These online gains will necessitate fewer and smaller (brick-and-mortar) stores that will need "excellent people who are well-paid and can answer questions," Salmon said. He thinks more stores will move away from commission-based compensation and toward higher initial salaries, citing The Container Store as an operation that has already adopted that model. "The average salary of an employee there is $48,000 and they received 260 hours of training. And they have a 10% turnover rate."
Retailers interviewed by Home Accents Today at this year's winter markets said social media, blogs, showrooming, HGTV's design shows and internet search engines have resulted in a much more knowledgeable consumer: "Today's tech-savvy shopper is smarter ... has more product and design information at her fingertips." She knows what you're selling, what it should look and feel like, and how much it should be selling for. She expects high quality, bargain pricing and convenience, and if she doesn't get it, she can broadcast her disappointment to her social media community.
On the flip side, however, today's technology and information-gathering provides more opportunities for retailers to know their consumers, capture their attention and seal a deal instantaneously. As shoppers' purchasing and personal data becomes more available and less costly, it will become easier to predict shopping behavior, needs and desires, and to tailor offers and communications. JWTIntelligence calls this "Predictive Personalization," and says it is one way retailers can gain an edge in the complex new retail world.

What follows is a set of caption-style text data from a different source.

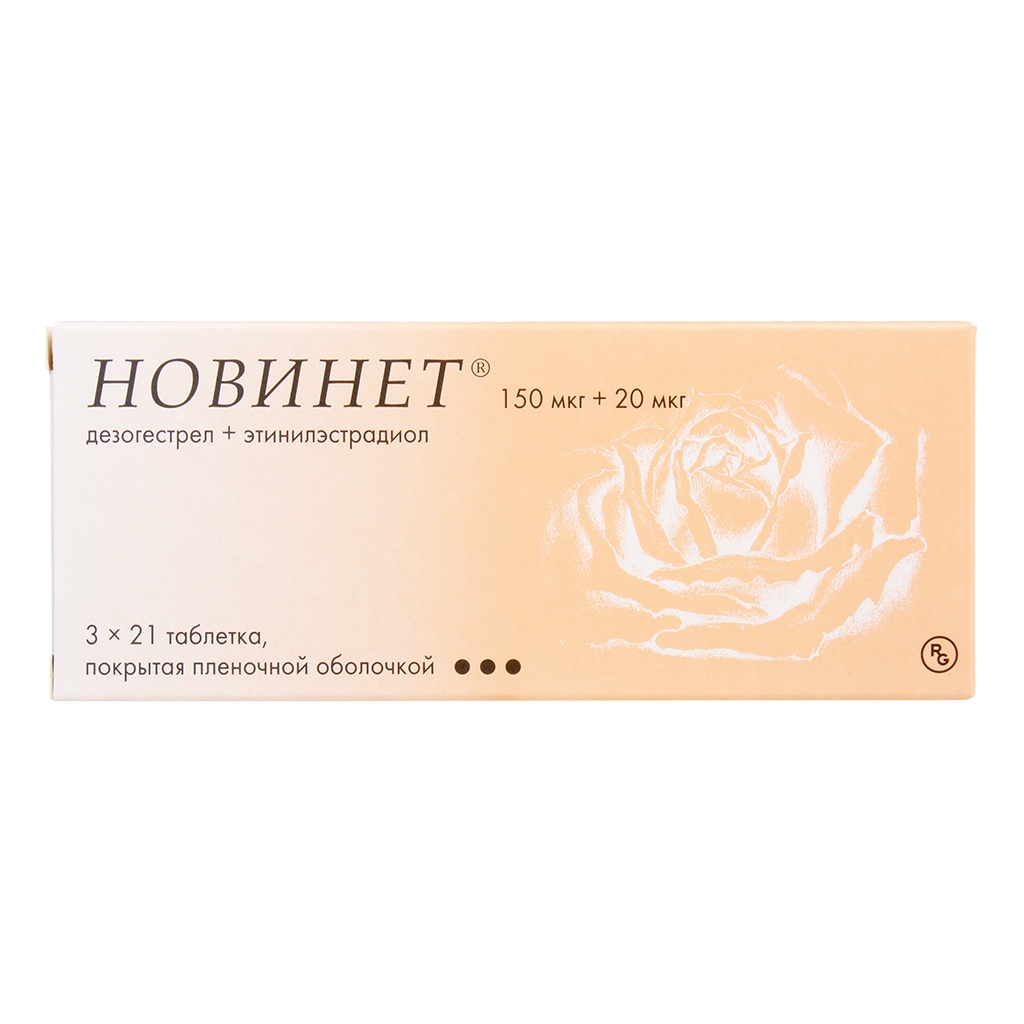 НОВИНЕТ ТАБ №21Х3
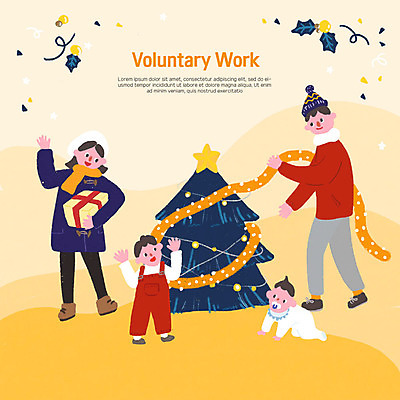 PSD 여자 남자 행복 어린이 크리스마스 일러스트 따뜻함 사람 여러명 성인 선물상자 크리스마스트리 아기 봉사 도움 자원봉사자 나눔 고아 국내일러스트 기념일 감정 다수 컨셉 선물 상자 파일형식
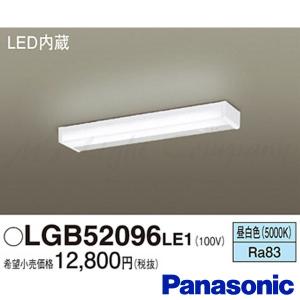 パナソニック LGB52096LE1 LEDキッチンライト 棚下直付型 スイッチ付 昼白色 拡散タイプ 両面化粧タイプ コンセント付 キレイコート LED一体形 LGB52096 LE1｜msm
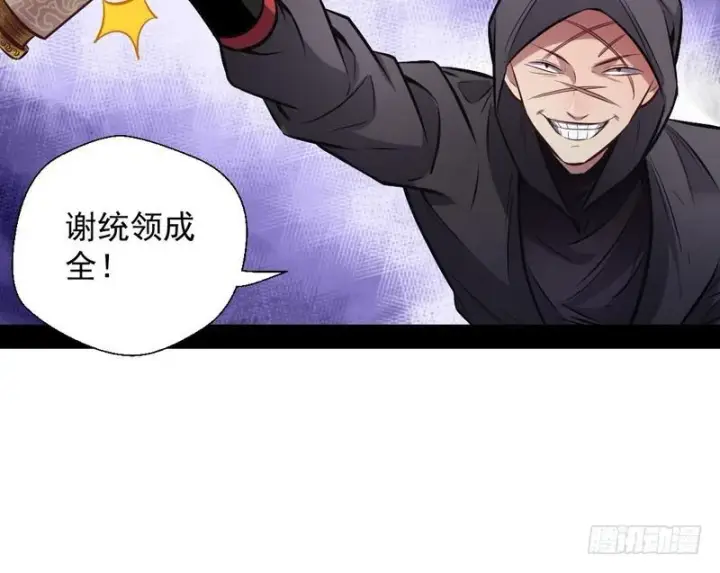 《我为邪帝》我已经无敌啦！图89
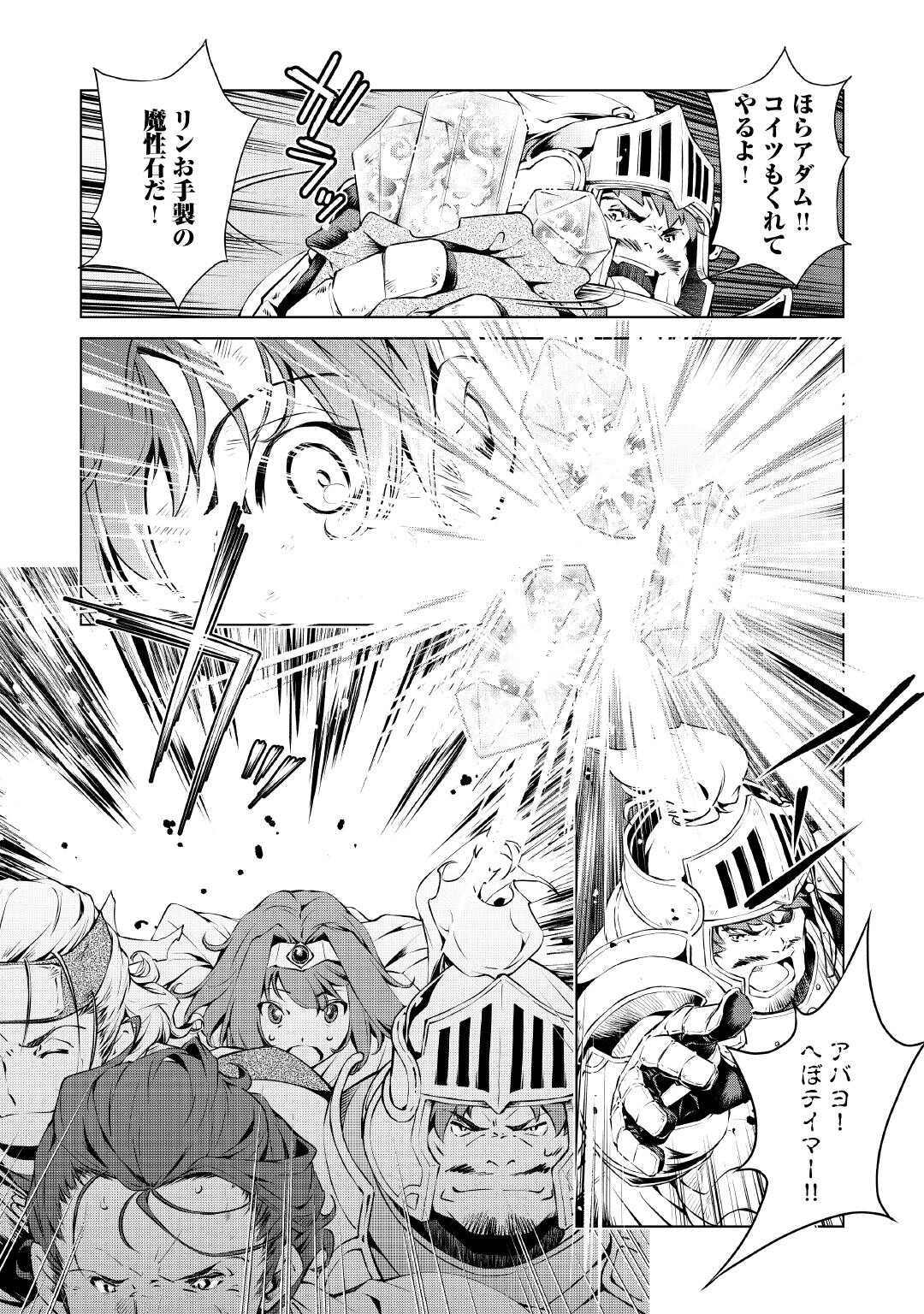 Suterare Zatsuyo Tamer desu ga, Shinrabansho wo Subete mo ii desu ka? - Chapter 1 - Page 35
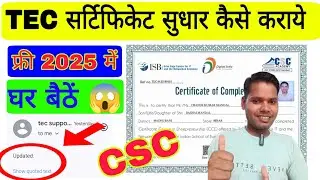 TEC Certificate में Name | Dob | Gender | etc. Correction Kaise karaye ? मेरा हो गया सुधार फ्री में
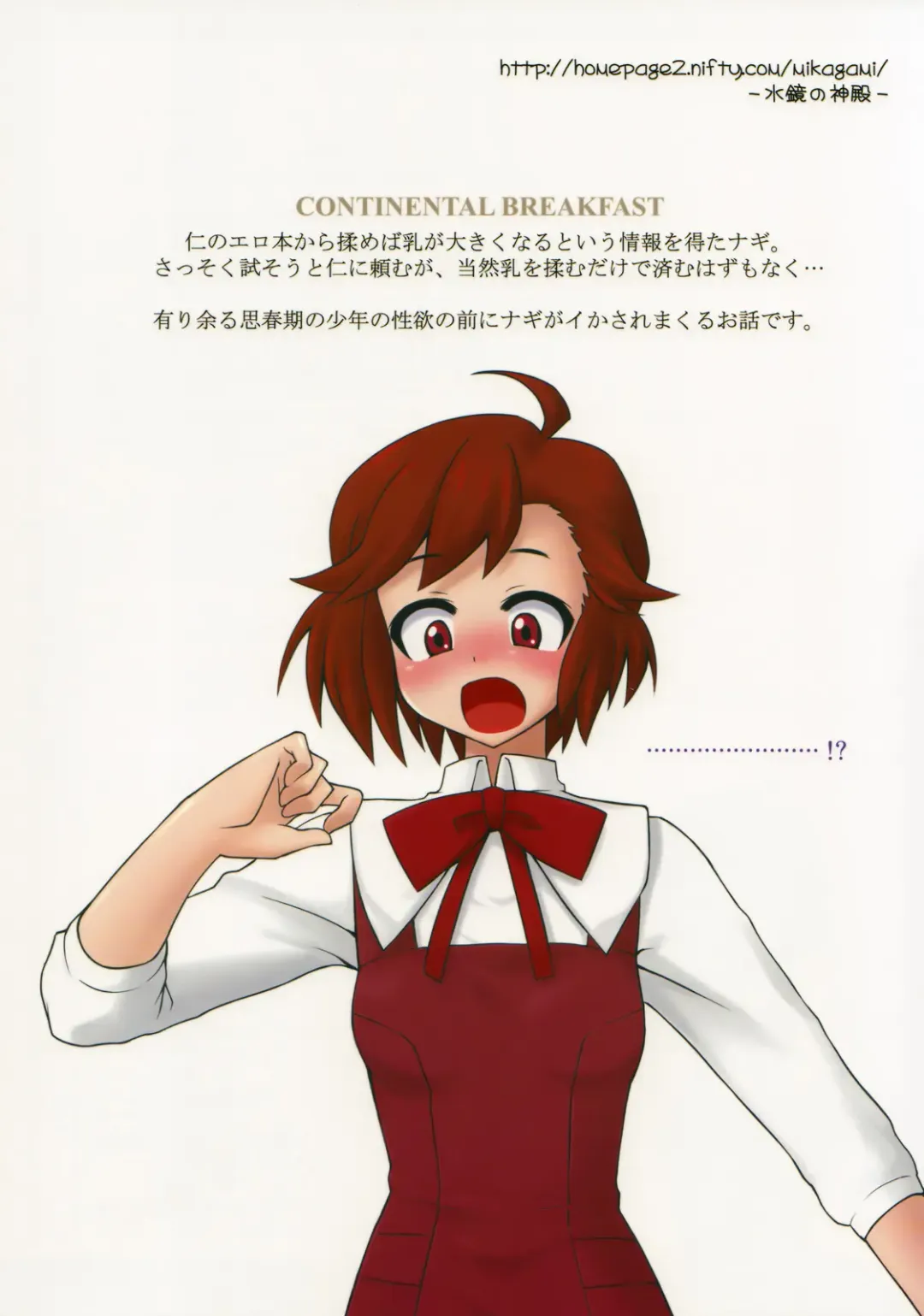 [Mikagami Sou] Continental Breakfast Fhentai - Page 28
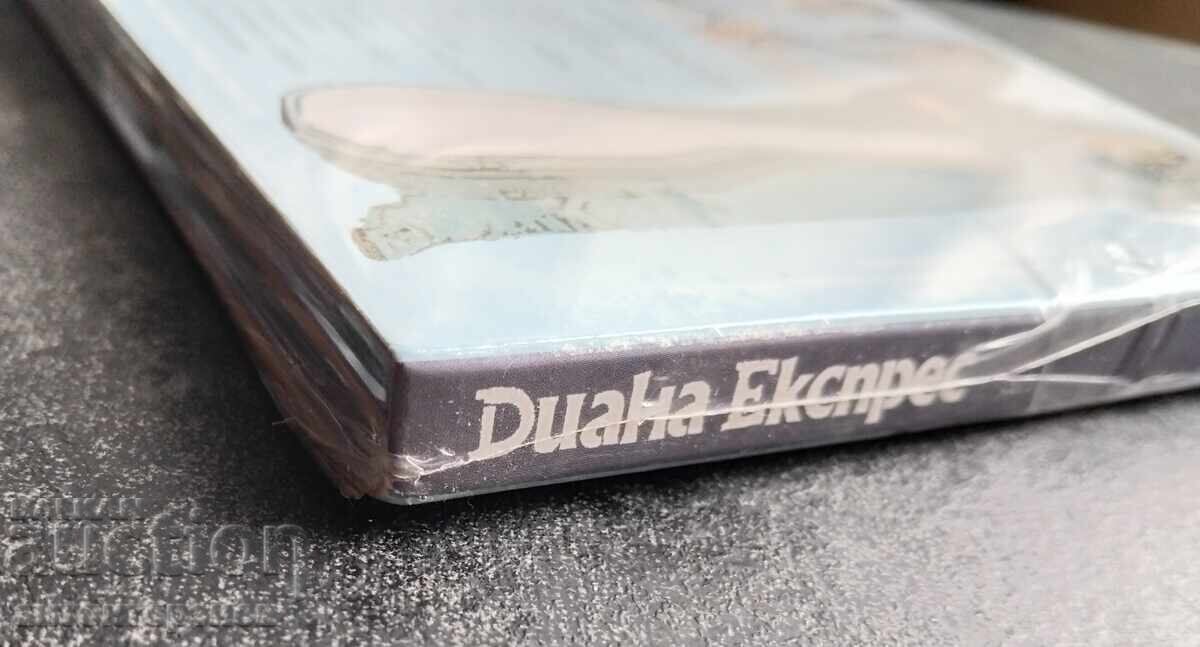 Auction  Diana Express "Sineva Square" Album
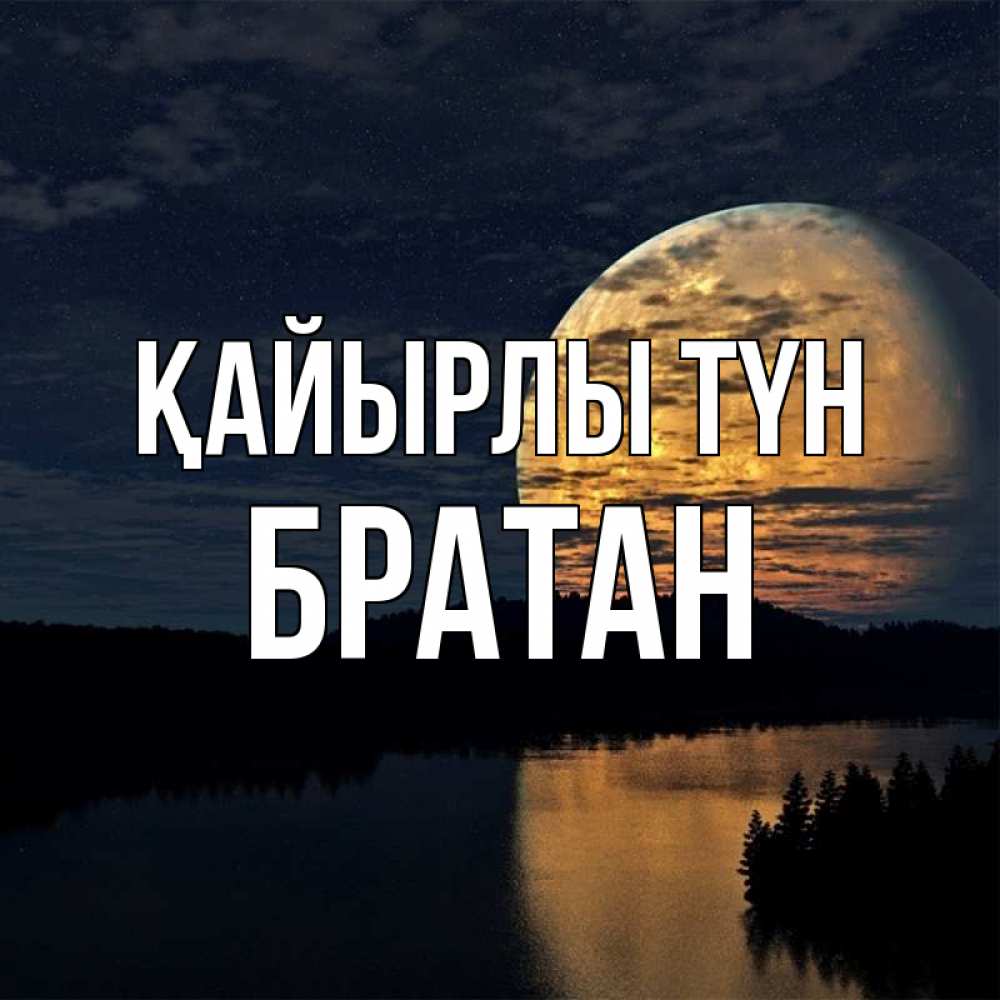 Күн сайын ашық хат с именем, Братан Қайырлы түн речка Онлайн тегін жүктеп алу тілектері бар керемет карта 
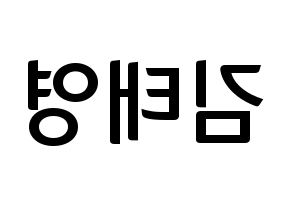 KPOP idol CRAVITY  태영 (Kim Tae-young, Taeyoung) Printable Hangul name fan sign, fanboard resources for concert Reversed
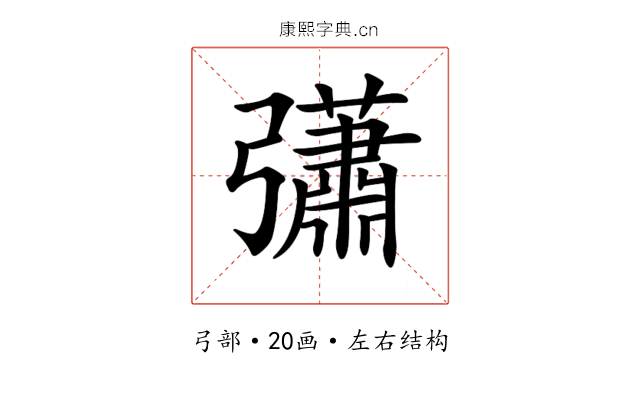 𢑁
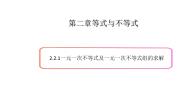 2021学年2.2 不等式的求解获奖课件ppt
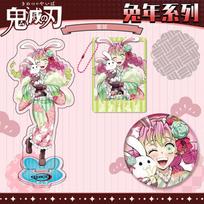 Year Rabbit Dali three-piece Zenitsu Tanjiro demon slayer of the series set card badge acrylic peripheral toys Entertaining Play Safe Kid Friendly Fun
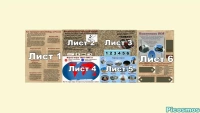 Фото идеи лэпбук "день победы" для обучение/развитие на сайте IdeasMaker, картинка идеи лэпбук "день победы" для обучение/развитие на сайте IdeasMaker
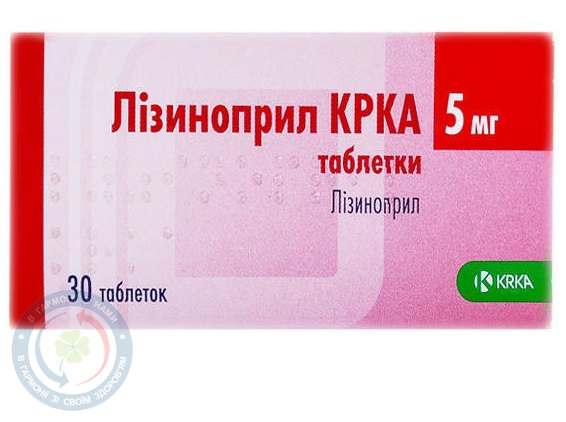Лізиноприл таблетки 5мг №30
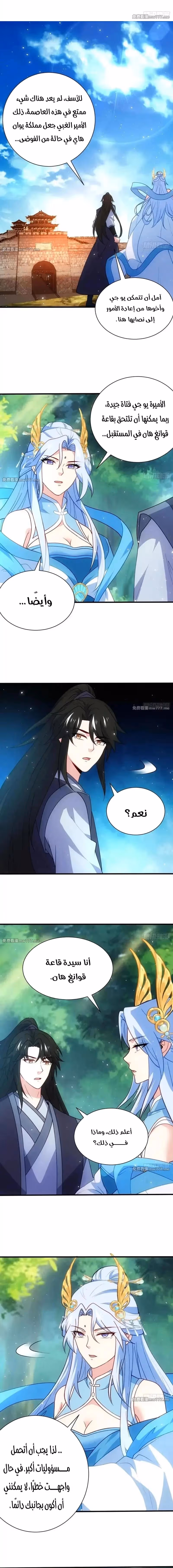 My Wife is a Heavenly Big Shot الفصل 94 — صفحة 4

New technologies and more precise data analysis will also provide opportunities for retailers to better manage and allocate inventory, provide individual attention and concierge service, and be within arm's reach at the right moment.
As part of a recent three-part series on the past and future of retail, NPR's Audie Cornish interviewed Gartner Retail Consultant Bob Hetu. When asked what he's advising retailers to do to "build" the shopping experience, Hetu discussed the personalization concept and the importance of understanding the consumer so the retailer can present products that directly appeal to her, at a price and promotional activity that make sense for her as an individual.
In the midst of a growing online marketplace, the physical store, said Hetu, will remain very important. "The future of it looks like we're going to see where people have registered online; maybe their cell phone number is part of the loyalty program," he told Cornish. "And they may be aware that you have pulled into the parking lot, or you've entered the door, and they might be able to greet you by name. They may be able to offer you the ability to view certain products that they know, based on your past buying experience, are things you might like to have."
Neiman Marcus's new "NM Service" is an example of this kind of customized servicing. An iPhone app lets store sales staff view a customer's online and in-store purchase history, as well as some of the customer's "favorites." When the customer enters the store, an alert is sent to the sales staff so they can do things such as view the customer's Facebook profile photo for easy recognition, personalize a dressing room, and select a few possibilities for add-on sales.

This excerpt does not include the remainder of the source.